A mudança dos anos 90

Embora as alterações metodológicas introduzidas na elaboração da balança de pagamentos a partir de 1993 prejudiquem a comparabilidade dos valores da balança de rendimentos para os anos anteriores (admitindo-se, nomeadamente, subavaliação dos débitos por omissões de rendimentos associados ao reinvestimento directo estrangeiro ou erradamente classificados como amortizações de capital), mesmo assim é possível distinguir dois períodos distintos na evolução desta balança.

Na década de 80, a balança de rendimentos apresentou sistematicamente défices relativamente avultados, com largo predomínio dos valores a débito, sendo os créditos de fraco significado. Este comportamento reflectia um elevado «stock» de endividamento externo a originar pesados pagamentos de juros da dívida externa portuguesa.

A partir de 1990, notou-se gradual melhoria da balança de rendimentos, acompanhada do avolumar dos fluxos de pagamentos e recebimentos de rendimentos de capitais e, em especial, nítido aumento dos valores a crédito, tendo-se verificado a formação de excedentes no triénio de 1991-93. Este comportamento é explicado pela progressiva internacionalização da economia portuguesa, com total liberalização dos movimentos de capitais, e melhoria da posição externa líquida do País a possibilitar a aplicação no exterior de montantes progressivamente crescentes das reservas cambiais.

Por outro lado, a amortização da dívida externa permitiu aligeirar o pagamento dos respectivos encargos, concorrendo, assim, para atenuar os valores a débito. De notar, neste contexto, o aumento da importância relativa dos rendimentos de investimento de carteira (ligados às crescentes aplicações de residentes em títulos estrangeiros e às aplicações financeiras em títulos nacionais) e os resultantes de operações de depósito. As remessas de emigrantes (contrapartidas financeiras da perda de um potencial de riqueza e de envelhecimento da população residente) têm ocupado um lugar relevante na estrutura da balança de transacções correntes, sendo um factor fundamental de financiamento dos tradicionais e elevados défices da balança comercial.

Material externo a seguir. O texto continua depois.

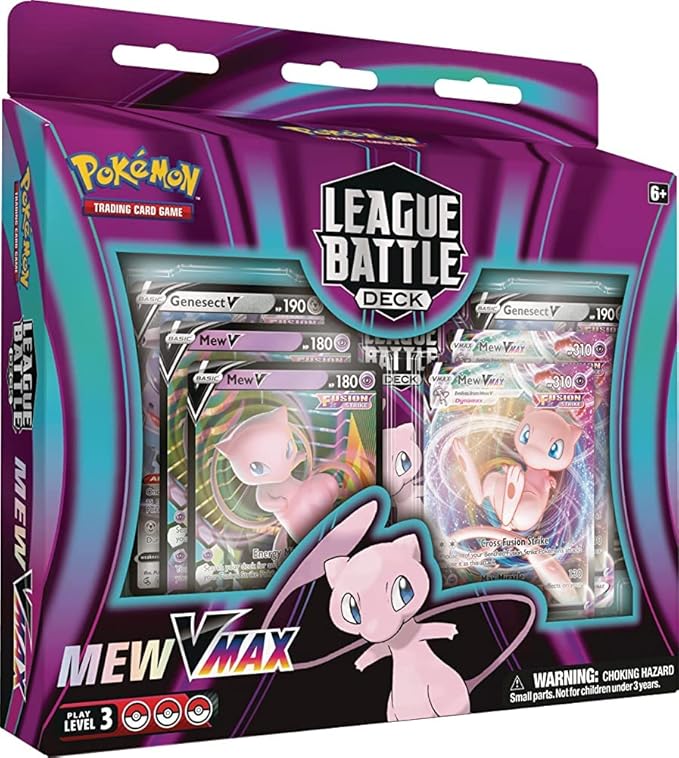 Pokémon TCG: Mew VMAX League Battle Deck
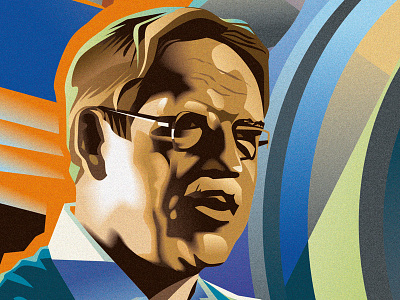 Teacher art digital illustration image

E, no entanto, visível uma tendência de longo prazo de abrandamento das remessas de emigrantes. Com efeito, esses recebimentos têm vindo a perder importância desde meados dos anos 80, quer em valor quer em peso relativo no PIB — desceram de 7,7% do PIB, em 1987, para cerca de 3 %, em 1995. Na origem desta evolução está a fraca expressão da corrente emigratória nas duas últimas décadas, associada à crise económica europeia e às restrições levantadas à entrada de trabalhadores estrangeiros. De facto, em 1974 termina o grande ciclo emigratório português para a Europa Ocidental.

Outros factores, de natureza conjuntural, têm também concorrido para a referida evolução: diferencial das taxas de remuneração da poupança entre Portugal e o exterior, expectativas de flutuação cambial do escudo face às outras divisas e variação do rendimento nominal nos países de origem das remessas. A perda de importância relativa das remessas de emigrantes levou a que essas remessas apenas tenham financiado cerca de 33 % do défice comercial em 1995, quando, em 1987, ainda cobriam 91 % desse défice.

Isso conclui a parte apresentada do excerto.